DIRECTIONS FOR THIS TASK – Begin at the line that has "Grayson Lane White", stop after the line that has "2027 Wall Calendar", and print exactly those lines from the records below, without any pictures.

DATA –
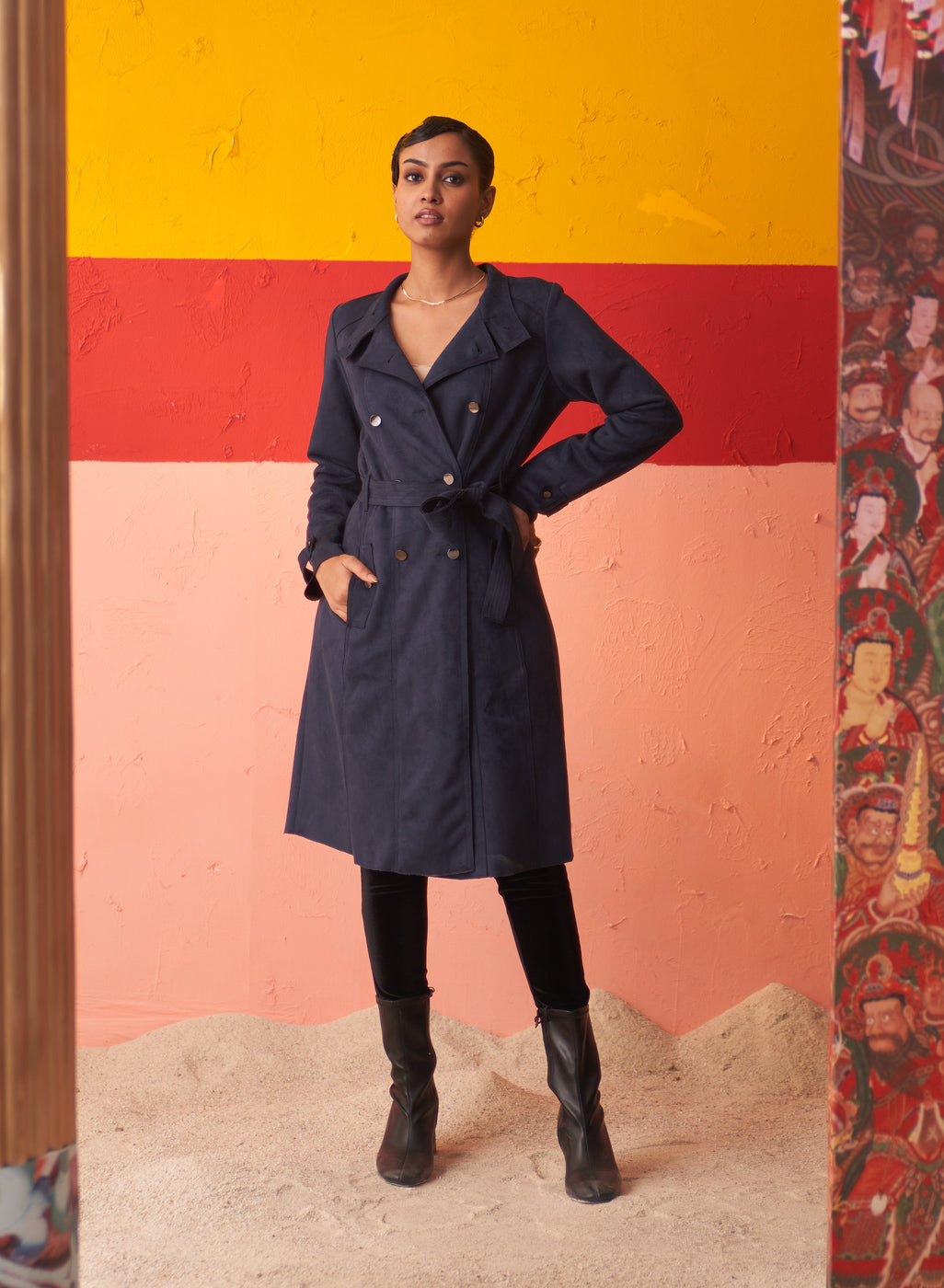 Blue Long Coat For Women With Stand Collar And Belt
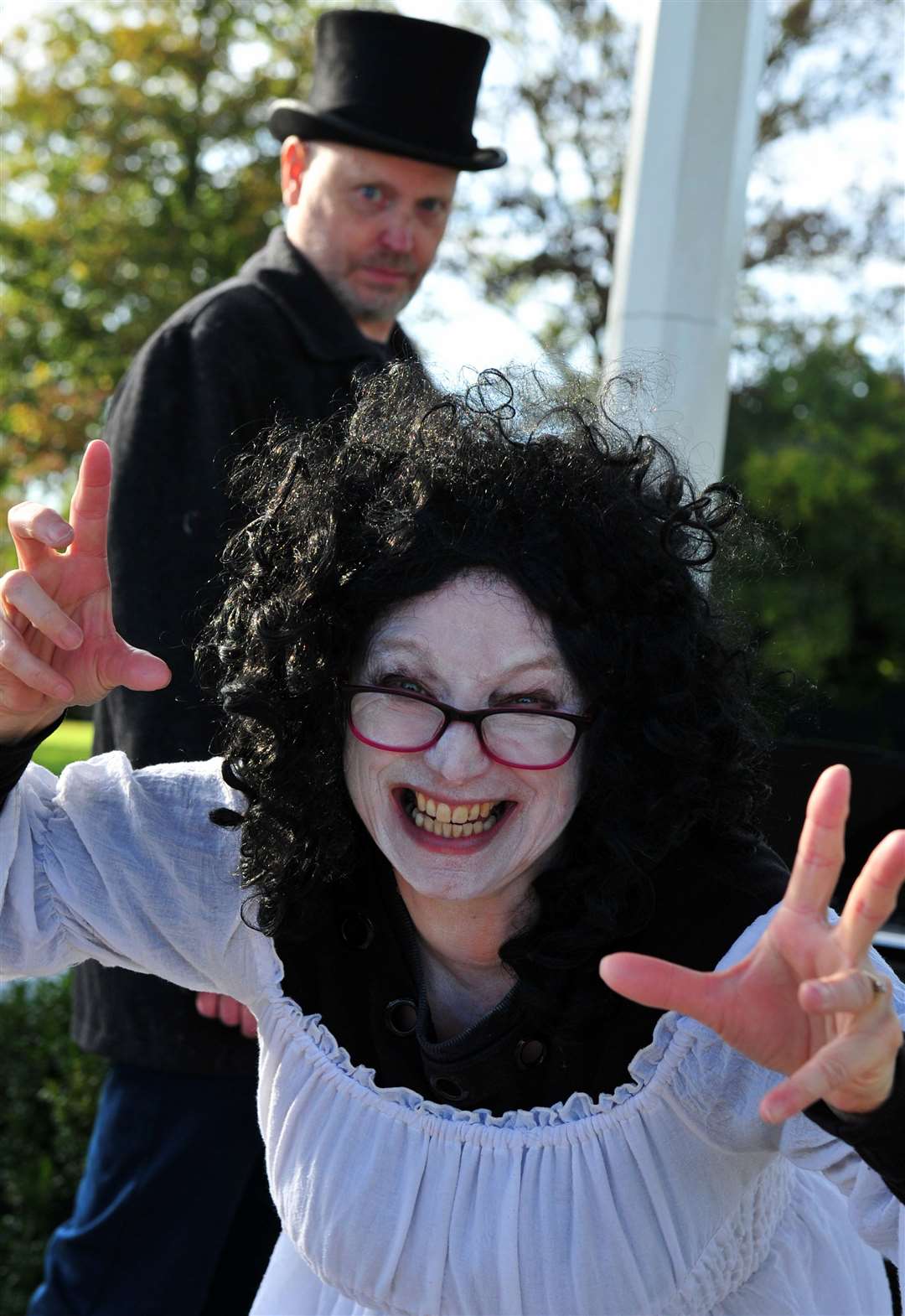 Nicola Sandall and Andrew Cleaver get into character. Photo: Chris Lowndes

---

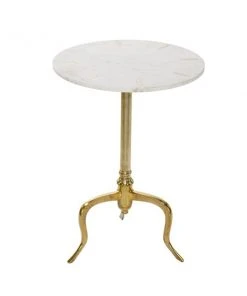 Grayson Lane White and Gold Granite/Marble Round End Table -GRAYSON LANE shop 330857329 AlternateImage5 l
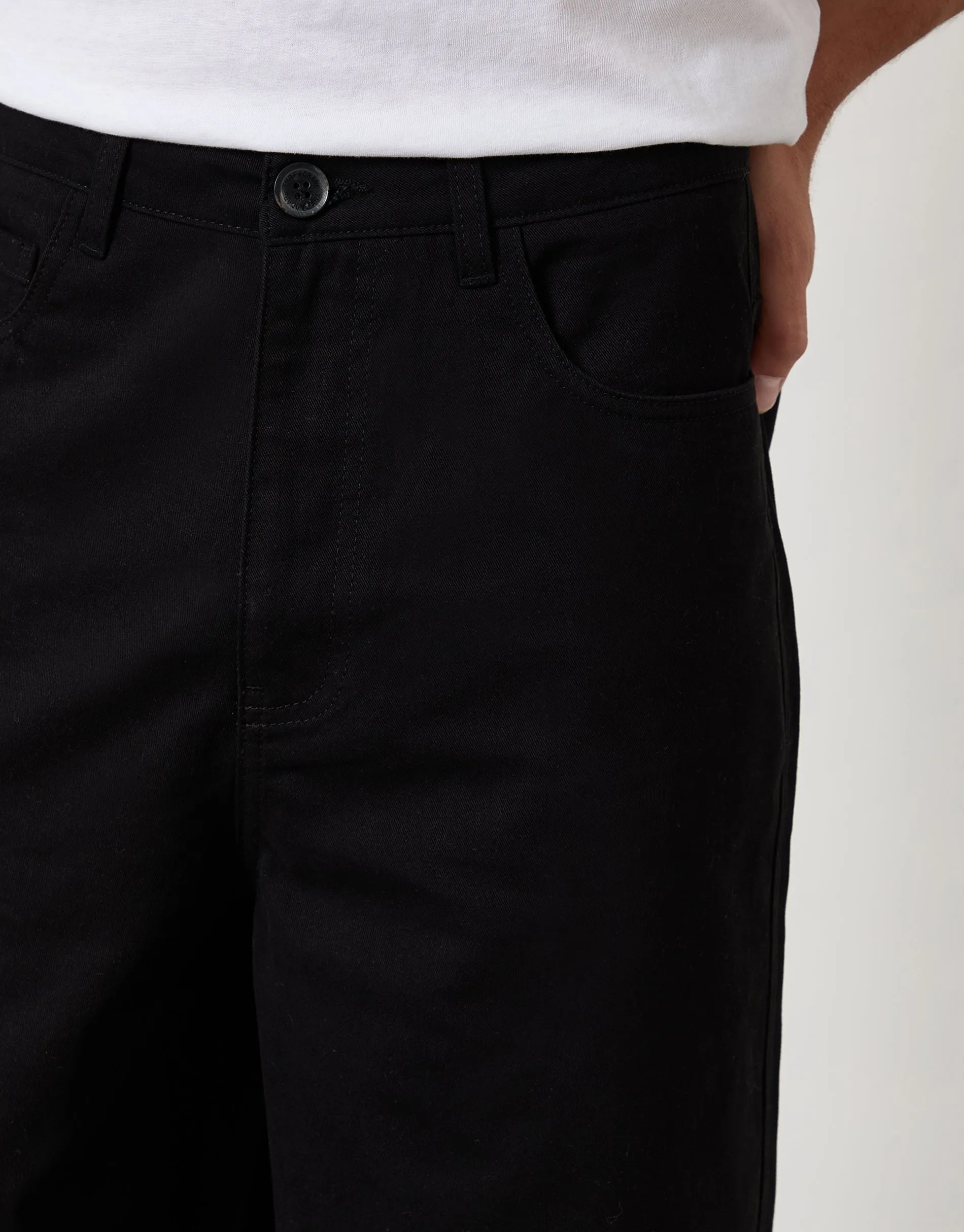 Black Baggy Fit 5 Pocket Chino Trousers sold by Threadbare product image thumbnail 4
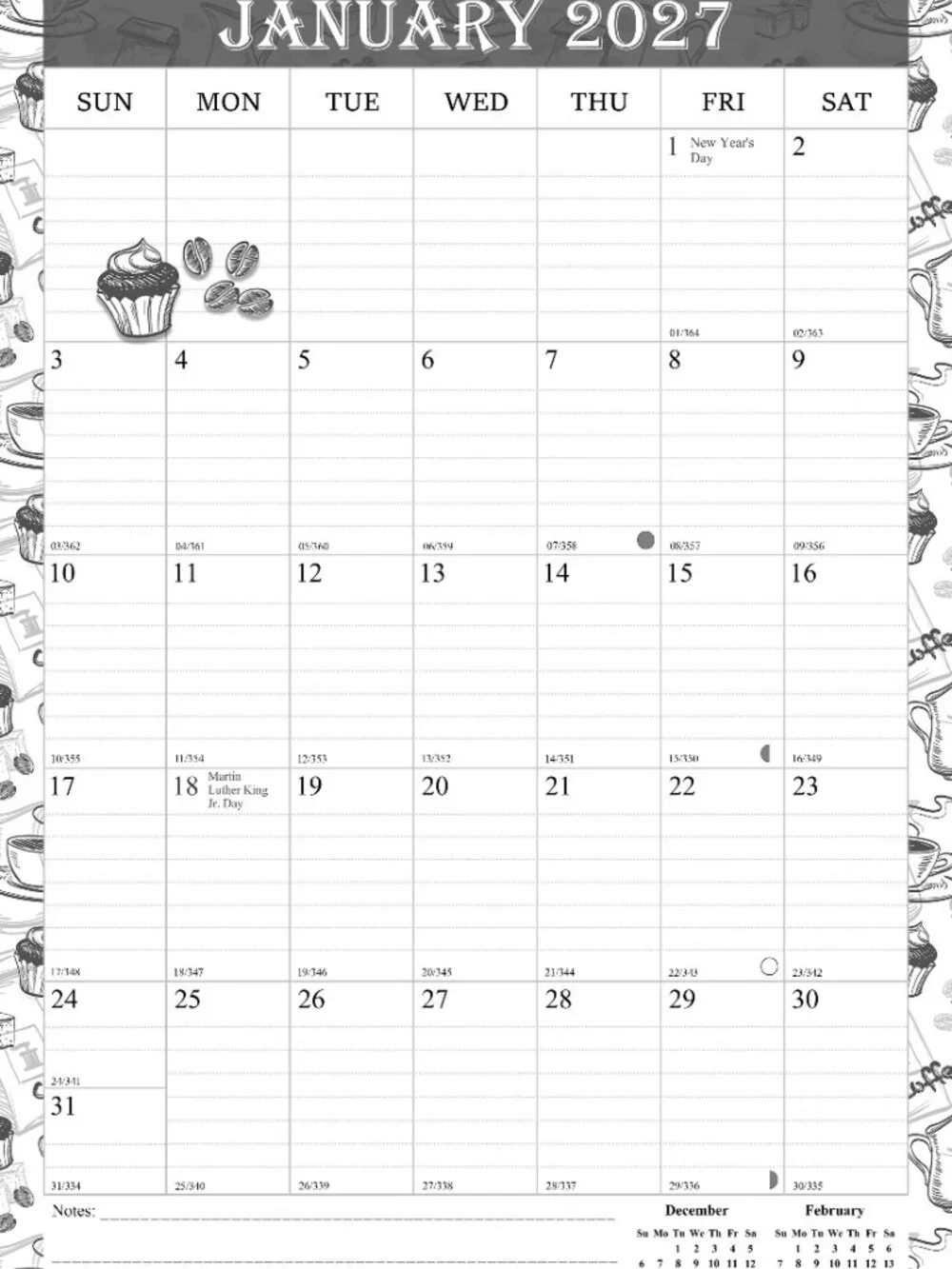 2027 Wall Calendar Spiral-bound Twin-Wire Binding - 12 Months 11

* * *

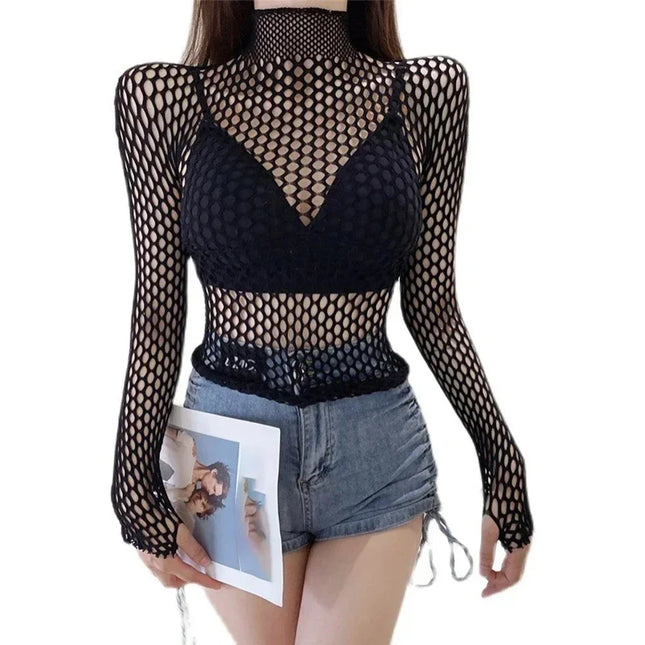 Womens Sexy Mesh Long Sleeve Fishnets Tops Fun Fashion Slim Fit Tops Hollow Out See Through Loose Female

YOUR RESPONSE –
 Grayson Lane White and Gold Granite/Marble Round End Table -GRAYSON LANE shop 330857329 AlternateImage5 l
 Black Baggy Fit 5 Pocket Chino Trousers sold by Threadbare product image thumbnail 4
 2027 Wall Calendar Spiral-bound Twin-Wire Binding - 12 Months 11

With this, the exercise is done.